Exercise> Starting at the line that holds "Florida State Seminoles iPhone 7 Plus Case" and stopping at the line that holds "Ford Tourneo Courier Gebrauchtwagen", restate the records below word for word, with both of those lines included.

Source information>
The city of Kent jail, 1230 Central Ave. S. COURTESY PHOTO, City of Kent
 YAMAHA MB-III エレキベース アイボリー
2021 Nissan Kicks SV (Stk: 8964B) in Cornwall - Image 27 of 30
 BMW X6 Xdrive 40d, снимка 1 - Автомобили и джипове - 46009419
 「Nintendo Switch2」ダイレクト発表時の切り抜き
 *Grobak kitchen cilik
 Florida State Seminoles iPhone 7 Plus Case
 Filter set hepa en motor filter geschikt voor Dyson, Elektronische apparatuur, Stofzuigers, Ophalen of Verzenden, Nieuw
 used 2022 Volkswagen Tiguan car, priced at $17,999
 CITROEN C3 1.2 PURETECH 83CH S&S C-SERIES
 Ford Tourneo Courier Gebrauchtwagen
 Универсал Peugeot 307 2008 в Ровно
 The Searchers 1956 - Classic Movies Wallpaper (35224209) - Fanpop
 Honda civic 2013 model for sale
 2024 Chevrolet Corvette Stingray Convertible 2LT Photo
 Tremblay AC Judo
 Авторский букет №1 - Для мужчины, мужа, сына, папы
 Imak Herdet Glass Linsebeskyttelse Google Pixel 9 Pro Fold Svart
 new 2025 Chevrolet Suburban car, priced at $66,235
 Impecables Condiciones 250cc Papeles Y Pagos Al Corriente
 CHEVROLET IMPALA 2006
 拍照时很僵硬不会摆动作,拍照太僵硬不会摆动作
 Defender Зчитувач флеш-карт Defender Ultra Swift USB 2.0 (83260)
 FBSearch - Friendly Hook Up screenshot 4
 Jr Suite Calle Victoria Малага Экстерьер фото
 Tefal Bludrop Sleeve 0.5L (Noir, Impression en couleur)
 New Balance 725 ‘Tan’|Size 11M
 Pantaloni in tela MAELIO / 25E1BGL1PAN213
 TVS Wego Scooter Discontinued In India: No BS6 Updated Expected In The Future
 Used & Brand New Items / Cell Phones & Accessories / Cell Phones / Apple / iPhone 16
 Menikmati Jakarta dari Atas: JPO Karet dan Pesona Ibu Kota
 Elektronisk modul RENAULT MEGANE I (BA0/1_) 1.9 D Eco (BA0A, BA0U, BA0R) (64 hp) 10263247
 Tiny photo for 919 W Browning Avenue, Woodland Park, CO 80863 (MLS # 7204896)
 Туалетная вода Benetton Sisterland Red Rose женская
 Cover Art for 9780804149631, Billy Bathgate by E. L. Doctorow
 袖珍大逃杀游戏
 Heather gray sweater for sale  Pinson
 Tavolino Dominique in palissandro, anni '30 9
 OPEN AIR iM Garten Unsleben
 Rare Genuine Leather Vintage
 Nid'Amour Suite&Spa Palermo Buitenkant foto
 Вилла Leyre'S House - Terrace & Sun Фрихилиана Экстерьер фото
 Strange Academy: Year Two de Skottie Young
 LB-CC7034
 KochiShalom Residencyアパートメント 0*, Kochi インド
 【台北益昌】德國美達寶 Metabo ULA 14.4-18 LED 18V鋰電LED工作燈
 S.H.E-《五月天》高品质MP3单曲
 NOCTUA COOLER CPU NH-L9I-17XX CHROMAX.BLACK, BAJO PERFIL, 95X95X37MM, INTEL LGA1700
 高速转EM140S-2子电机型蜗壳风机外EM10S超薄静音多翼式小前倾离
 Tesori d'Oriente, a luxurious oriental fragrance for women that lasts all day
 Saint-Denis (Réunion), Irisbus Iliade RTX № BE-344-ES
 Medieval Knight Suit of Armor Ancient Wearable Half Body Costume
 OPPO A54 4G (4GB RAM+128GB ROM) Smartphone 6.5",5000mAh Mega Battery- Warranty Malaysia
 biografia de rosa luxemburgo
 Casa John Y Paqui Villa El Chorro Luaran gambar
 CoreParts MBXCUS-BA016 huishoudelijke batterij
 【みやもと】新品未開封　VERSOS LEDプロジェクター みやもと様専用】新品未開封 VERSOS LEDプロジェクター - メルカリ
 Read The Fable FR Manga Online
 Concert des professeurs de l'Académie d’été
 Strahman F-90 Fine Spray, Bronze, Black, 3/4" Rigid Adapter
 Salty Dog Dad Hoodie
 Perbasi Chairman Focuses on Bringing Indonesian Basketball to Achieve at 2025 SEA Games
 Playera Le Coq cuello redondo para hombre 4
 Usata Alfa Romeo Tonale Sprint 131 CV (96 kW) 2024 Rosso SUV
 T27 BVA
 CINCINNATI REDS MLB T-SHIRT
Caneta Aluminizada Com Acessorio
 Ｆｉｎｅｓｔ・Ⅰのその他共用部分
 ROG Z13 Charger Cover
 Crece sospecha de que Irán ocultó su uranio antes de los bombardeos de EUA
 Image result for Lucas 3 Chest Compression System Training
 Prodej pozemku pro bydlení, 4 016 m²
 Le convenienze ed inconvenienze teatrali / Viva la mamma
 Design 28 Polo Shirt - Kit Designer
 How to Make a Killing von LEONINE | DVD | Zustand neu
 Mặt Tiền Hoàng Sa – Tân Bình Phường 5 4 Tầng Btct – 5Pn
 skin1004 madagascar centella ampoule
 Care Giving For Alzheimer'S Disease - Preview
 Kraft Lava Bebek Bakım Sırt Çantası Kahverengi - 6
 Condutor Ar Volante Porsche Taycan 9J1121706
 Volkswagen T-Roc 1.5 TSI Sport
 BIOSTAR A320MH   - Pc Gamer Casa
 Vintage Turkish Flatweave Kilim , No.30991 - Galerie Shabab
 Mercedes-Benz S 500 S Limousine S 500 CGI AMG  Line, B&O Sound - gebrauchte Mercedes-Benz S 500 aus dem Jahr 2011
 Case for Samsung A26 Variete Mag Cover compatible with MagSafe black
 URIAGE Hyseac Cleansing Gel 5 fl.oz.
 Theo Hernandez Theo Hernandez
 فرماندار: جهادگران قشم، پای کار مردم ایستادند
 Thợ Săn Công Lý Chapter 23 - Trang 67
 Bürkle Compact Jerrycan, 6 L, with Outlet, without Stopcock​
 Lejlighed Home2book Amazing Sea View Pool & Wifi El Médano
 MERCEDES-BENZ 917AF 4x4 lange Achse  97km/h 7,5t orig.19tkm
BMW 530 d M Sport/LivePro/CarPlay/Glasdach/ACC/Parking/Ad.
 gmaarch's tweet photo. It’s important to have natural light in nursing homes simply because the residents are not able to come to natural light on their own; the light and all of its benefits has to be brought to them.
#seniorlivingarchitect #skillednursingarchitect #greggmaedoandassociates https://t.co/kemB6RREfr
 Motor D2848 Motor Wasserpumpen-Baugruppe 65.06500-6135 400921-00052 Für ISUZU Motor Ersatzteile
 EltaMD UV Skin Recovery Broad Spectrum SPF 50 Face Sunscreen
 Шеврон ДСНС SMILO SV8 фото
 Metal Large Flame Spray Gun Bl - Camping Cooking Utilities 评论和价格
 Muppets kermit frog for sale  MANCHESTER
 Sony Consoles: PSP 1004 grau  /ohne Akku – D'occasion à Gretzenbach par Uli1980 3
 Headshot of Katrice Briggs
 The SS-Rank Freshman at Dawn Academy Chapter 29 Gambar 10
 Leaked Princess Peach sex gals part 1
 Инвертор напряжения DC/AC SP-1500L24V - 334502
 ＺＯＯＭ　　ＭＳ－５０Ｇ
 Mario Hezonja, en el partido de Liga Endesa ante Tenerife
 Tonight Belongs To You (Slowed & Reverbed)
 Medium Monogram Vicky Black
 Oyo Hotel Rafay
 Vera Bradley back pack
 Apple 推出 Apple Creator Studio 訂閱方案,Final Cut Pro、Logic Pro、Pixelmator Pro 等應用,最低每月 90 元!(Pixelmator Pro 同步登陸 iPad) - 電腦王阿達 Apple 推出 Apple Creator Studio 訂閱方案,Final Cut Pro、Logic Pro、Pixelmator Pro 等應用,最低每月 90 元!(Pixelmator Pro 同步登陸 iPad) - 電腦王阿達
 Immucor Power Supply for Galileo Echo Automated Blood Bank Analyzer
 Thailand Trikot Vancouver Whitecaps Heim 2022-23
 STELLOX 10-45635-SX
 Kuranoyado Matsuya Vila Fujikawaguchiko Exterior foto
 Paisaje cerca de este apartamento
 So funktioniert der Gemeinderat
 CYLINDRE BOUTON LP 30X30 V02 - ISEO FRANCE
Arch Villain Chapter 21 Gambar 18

Result of the exercise>
 Florida State Seminoles iPhone 7 Plus Case
 Filter set hepa en motor filter geschikt voor Dyson, Elektronische apparatuur, Stofzuigers, Ophalen of Verzenden, Nieuw
 used 2022 Volkswagen Tiguan car, priced at $17,999
 CITROEN C3 1.2 PURETECH 83CH S&S C-SERIES
 Ford Tourneo Courier Gebrauchtwagen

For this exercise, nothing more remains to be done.